Fewer people than previously thought are making use of the marriage allowance, which lets couples where one partner is a basic rate taxpayer and the other is a non-taxpayer claim a tax break.
This is due to a governments’ mistake in counting the claims.
Statistics published by Treasury last year showed that three million couples were benefiting from the tax break with another million yet to claim. But revisions to official statistics published today by HM Revenue & Customs showed that fewer than two million are actually claiming.
Explaining the changes, HMRC admitted that there has previously been double-counting in the figures as people can backdate their claims for previous years.
In an update HMRC says: “The original estimates included multiple counts for those individuals making backdated claims for previous years as well as claims for that year.”
Royal London director of policy Steve Webb comments: “It is shocking that HMRC have got these figures so badly wrong. This time last year, ministers were boasting that three million couples were benefiting from this tax break.

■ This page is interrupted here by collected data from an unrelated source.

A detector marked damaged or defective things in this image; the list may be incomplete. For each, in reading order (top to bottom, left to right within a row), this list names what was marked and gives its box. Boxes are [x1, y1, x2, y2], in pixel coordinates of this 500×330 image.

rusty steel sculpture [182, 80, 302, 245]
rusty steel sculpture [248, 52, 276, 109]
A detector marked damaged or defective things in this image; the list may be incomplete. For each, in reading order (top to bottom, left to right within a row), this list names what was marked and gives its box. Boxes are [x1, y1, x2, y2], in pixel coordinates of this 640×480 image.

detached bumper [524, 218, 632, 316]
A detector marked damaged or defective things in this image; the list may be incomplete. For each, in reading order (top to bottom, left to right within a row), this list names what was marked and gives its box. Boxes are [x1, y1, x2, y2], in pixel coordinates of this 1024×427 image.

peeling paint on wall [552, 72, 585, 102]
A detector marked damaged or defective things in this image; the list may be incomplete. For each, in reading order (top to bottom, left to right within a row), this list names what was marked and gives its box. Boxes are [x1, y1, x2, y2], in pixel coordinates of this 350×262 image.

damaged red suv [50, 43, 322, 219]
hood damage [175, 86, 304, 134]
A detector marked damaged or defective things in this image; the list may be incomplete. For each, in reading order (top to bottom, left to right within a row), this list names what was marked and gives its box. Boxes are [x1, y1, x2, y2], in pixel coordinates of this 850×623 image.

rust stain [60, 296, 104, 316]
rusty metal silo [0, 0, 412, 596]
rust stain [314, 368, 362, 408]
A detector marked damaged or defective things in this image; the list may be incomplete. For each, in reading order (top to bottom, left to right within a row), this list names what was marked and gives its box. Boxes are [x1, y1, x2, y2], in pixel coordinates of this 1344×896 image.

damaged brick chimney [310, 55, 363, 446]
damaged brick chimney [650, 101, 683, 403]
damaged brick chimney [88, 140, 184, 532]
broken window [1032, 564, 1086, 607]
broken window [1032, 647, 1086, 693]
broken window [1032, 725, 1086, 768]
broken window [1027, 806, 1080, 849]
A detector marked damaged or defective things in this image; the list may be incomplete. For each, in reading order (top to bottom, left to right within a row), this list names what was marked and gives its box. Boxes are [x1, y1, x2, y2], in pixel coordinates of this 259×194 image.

“Now it turns out that fewer than two million are actual getting help, and that more than half of those who are entitled are missing out. HMRC urgently needs to do more to alert families who could benefit so that everyone who is entitled to help receives it.”
The rules allow the lower earner to transfer up to 10 per cent of their unused personal allowance to the higher earner. At current rates, this is a transfer of up to £1,250.
With a basic rate of tax of 20 per cent, this saves the higher earner £250.